How to Verify a Supplement’s Testing Claims Yourself
The standard to look for:
- The COA is publicly accessible — not behind a form submission or available only on request
- The COA is tied to a specific lot number, not a generic document covering “all products”
- The testing laboratory is named and demonstrably independent
- The document covers identity, purity or assay, heavy metals, and microbiological testing
- The lot number on the document matches the lot number printed on your product
Find the lot number on your supplement (typically printed on the bottom or side panel), match it to the brand’s COA documentation, and verify the results.

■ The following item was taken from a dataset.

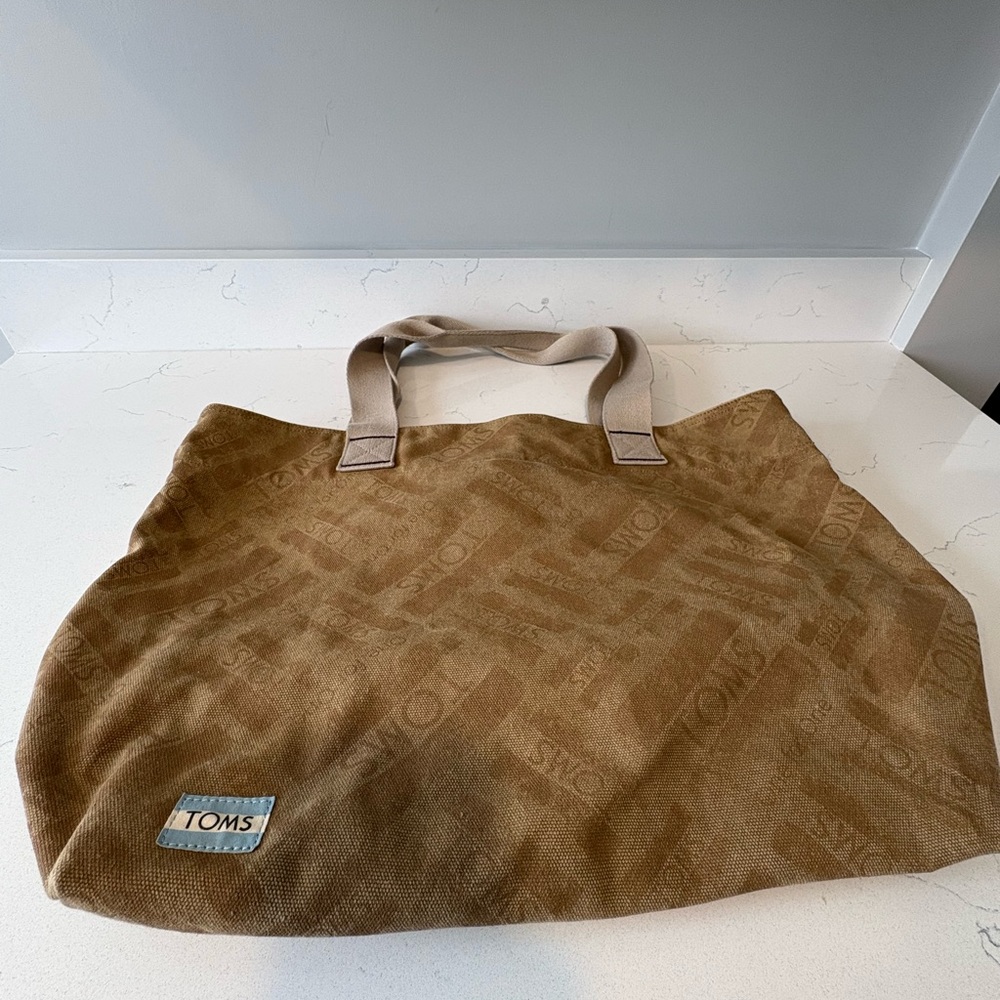 TOMS khaki Brown Canvas Tote with Beige Straps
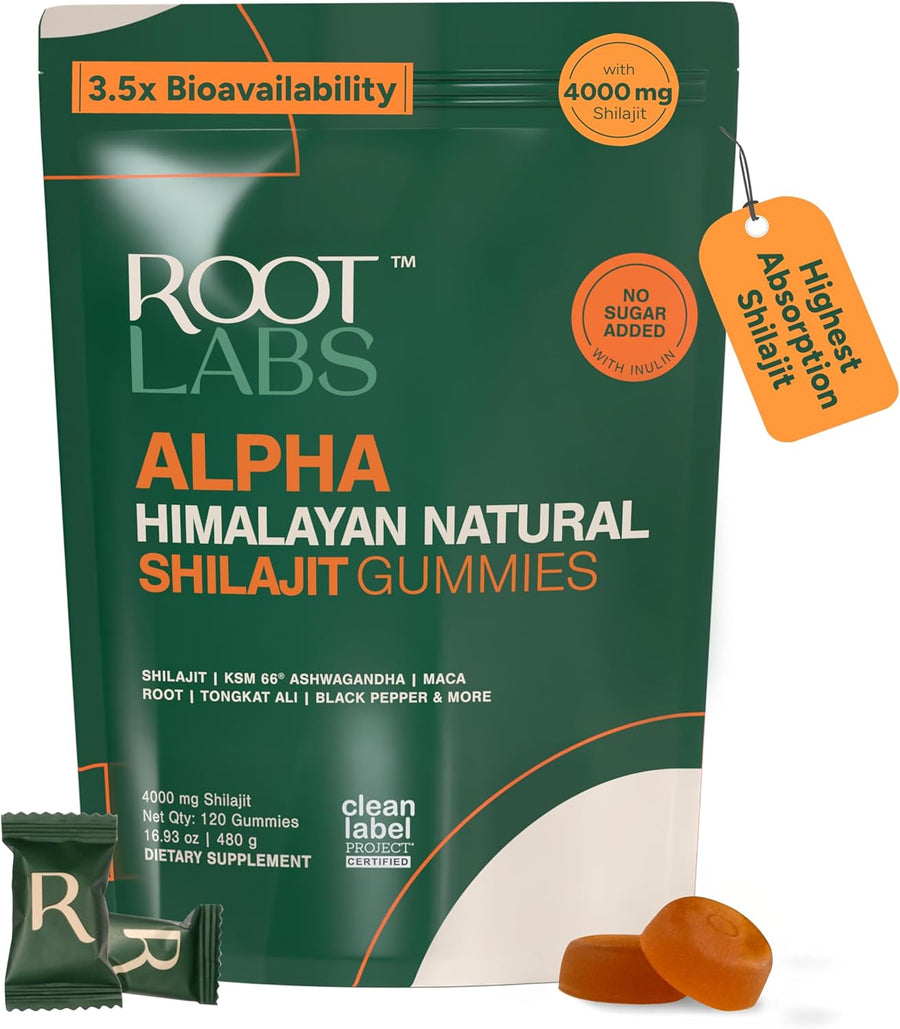 ROOT LABS 10-in-1 Alpha Shilajit Gummies | 4000 mg Pure Himalayan Shilajit with Tongkat Ali & Maca Root | Shilajit for Men & Women | ShilAbsorb Bioavailability Tech | Sugar-Free, Vegan | 60 Gummies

This is the complete chain of verification — and it takes about two minutes when the documentation is actually available.
What PeakFusion Publishes
Every production lot of every PeakFusion product is tested by an independent third-party laboratory. Each Certificate of Analysis is publicly available on the Lab Results page — no account required, no form to fill out.
Current results: Creatine Monohydrate Lot B25I013 tested at 100.8% assay by HPLC, heavy metals not detected, microbiological passed. Complete Multivitamin Lot MMV241023 passed HPLC, ICP-MS, and microbiological testing. Vitamin D3 Lot VS220698 measured at 2,556 IU per softgel against a 2,000 IU label claim.
Why Transparency Is a Higher Standard Than Compliance
Publishing COAs publicly, lot by lot, is not an industry requirement — it is a choice. The brands that do it are demonstrating that the results are verifiable. For athletes and health-conscious consumers, accessible third-party testing documentation is the clearest available signal that a supplement brand is being honest about what is in their products.